2002 <賢治カクテル> ―「はしがき」にかえて―
1990 賢治と「札幌市」
1993 馬は噛み、馬は冷たく ―賢治、修学旅行引率前後の詩―
1994 二つの「津軽海峡」
1997 宮沢賢治立ち寄り地 ―生誕百年・旭川周辺―
1997 鳥の遷移 ―賢治詩において鳥が投影すること―
2003 宮沢賢治の1923(大正12)年
2004 雨ニモマケズと論語
2005 タネリの地勢

 <賢治カクテル>と「賢治と「札幌市」」については、すでにご紹介しました。

 次の章「馬は噛み、馬は冷たく」は、副題のとおり、賢治の「北海道修学旅行」引率前後の作品を、さまざまな角度から分析したものです。この旅行は、先日の「札幌セミナー」の2日目ツアーのテーマでもありましたから、まさに今回の出版はタイムリーでした。
 そして、この論文に孕まれていたいくつかの種子が、さらにその後の石本さんのお仕事の主題となって深められていくのですが、その様子は「二つの「津軽海峡」」、「鳥の遷移 ―賢治詩において鳥が投影すること―」へと読み進めていくことで、展望することができます。
 このような内的連関のおかげで、各章は発表年の時間的配列になっていながら、その主題も有機的につながっているという本書の構成が生まれています。その意味で、この章は、本書の中でも重要な意味を持っています。
 初出の洋々社『宮沢賢治12号』の掲載時には、胡四王山の賢治記念館登り口にある石碑をバックにした石本さんの写真が挿入されていて、私は旭川で初めて石本さんにお会いする前にあらかじめお顔を「予習」しておくことができたのですが、こんどの単行本には残念ながらお写真は載っていません。

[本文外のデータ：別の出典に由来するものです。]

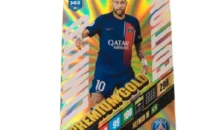 Panini Fifa 365 Adrenalyn XL Premium Limited Edition Neymar Gold 2024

 四章めにあたる「宮沢賢治立ち寄り地 ―生誕百年・旭川周辺―」は、石本さんと賢治の出会いから始まって、生誕百年の1996年頃まで、石本さんがどのように賢治と関わり、研究を深め、また北海道の地で賢治を愛する様々な人々との連繋をつくりあげてこられたか、ということを経時的に明らかにしてくれる文章です。また、長く住まれた札幌から名寄へ、そしてまた札幌に戻って、それから現在も住んでおられる旭川へ、という北海道内の移動軌跡は、この章に「石本裕之立ち寄り地」という趣きさえ与えてくれています。
 私はこの章を読んで、石本さんのこれまでの活動の幅広さについて、あらためて知ることができました。そしてここには、2年前に私のような者にもわざわざメールを下さって、旭川に賢治詩碑ができることを教えていただいたように、昔からずっと人との出会いを大切にされてきた石本さんの姿勢が、鮮やかに示されています。とりわけ、「旭川宮沢賢治研究会」誕生前夜あたりから、生誕百年の盛り上がりまでのダイナミックな人間模様は、読みごたえがあります。
 また石本さんは、ますむらひろし さんの論考よりも早い1993年に、作品「津軽海峡」に流れる時間と、校本全集などの年譜が示す時間との間にズレがあることに気づき、何人かの賢治研究者に問題提起しておられたことも、本章で初めて知りました。これもまさに先駆的だったわけですね。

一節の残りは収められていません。